TASK DETAILS: Copy out exactly every line from the line containing "Gourmia 9-Slice Digital" until the records below end, inclusive of both boundary lines.

★ ★ ★ ★ ★ ★ ★

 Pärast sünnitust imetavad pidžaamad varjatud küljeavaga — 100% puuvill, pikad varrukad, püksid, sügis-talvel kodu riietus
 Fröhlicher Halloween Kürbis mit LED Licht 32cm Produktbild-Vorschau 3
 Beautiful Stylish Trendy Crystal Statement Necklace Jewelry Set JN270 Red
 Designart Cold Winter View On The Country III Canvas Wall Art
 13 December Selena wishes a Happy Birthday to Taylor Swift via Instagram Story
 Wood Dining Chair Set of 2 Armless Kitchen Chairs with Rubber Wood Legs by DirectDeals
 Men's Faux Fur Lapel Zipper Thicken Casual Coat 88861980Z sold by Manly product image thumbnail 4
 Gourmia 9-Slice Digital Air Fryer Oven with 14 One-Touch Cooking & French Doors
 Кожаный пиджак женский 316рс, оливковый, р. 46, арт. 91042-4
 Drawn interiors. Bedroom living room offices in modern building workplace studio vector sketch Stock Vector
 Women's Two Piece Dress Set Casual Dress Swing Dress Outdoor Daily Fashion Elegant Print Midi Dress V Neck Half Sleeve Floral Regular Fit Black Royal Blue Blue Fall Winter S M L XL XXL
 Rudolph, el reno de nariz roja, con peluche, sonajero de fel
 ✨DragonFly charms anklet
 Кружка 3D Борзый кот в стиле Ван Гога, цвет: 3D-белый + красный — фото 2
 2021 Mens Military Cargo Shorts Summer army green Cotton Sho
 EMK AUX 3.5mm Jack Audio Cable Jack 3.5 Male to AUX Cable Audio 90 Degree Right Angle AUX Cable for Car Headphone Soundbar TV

★ ★ ★ ★ ★ ★ ★

ANSWER FOR THE TASK:
 Gourmia 9-Slice Digital Air Fryer Oven with 14 One-Touch Cooking & French Doors
 Кожаный пиджак женский 316рс, оливковый, р. 46, арт. 91042-4
 Drawn interiors. Bedroom living room offices in modern building workplace studio vector sketch Stock Vector
 Women's Two Piece Dress Set Casual Dress Swing Dress Outdoor Daily Fashion Elegant Print Midi Dress V Neck Half Sleeve Floral Regular Fit Black Royal Blue Blue Fall Winter S M L XL XXL
 Rudolph, el reno de nariz roja, con peluche, sonajero de fel
 ✨DragonFly charms anklet
 Кружка 3D Борзый кот в стиле Ван Гога, цвет: 3D-белый + красный — фото 2
 2021 Mens Military Cargo Shorts Summer army green Cotton Sho
 EMK AUX 3.5mm Jack Audio Cable Jack 3.5 Male to AUX Cable Audio 90 Degree Right Angle AUX Cable for Car Headphone Soundbar TV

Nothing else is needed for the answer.